Data provided →

-*-*-

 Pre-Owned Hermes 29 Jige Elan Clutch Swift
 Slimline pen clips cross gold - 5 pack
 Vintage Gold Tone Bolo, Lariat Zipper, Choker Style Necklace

-*-*-

Write out the listing exactly, keeping every character.

Problem solution →
 Pre-Owned Hermes 29 Jige Elan Clutch Swift
 Slimline pen clips cross gold - 5 pack
 Vintage Gold Tone Bolo, Lariat Zipper, Choker Style Necklace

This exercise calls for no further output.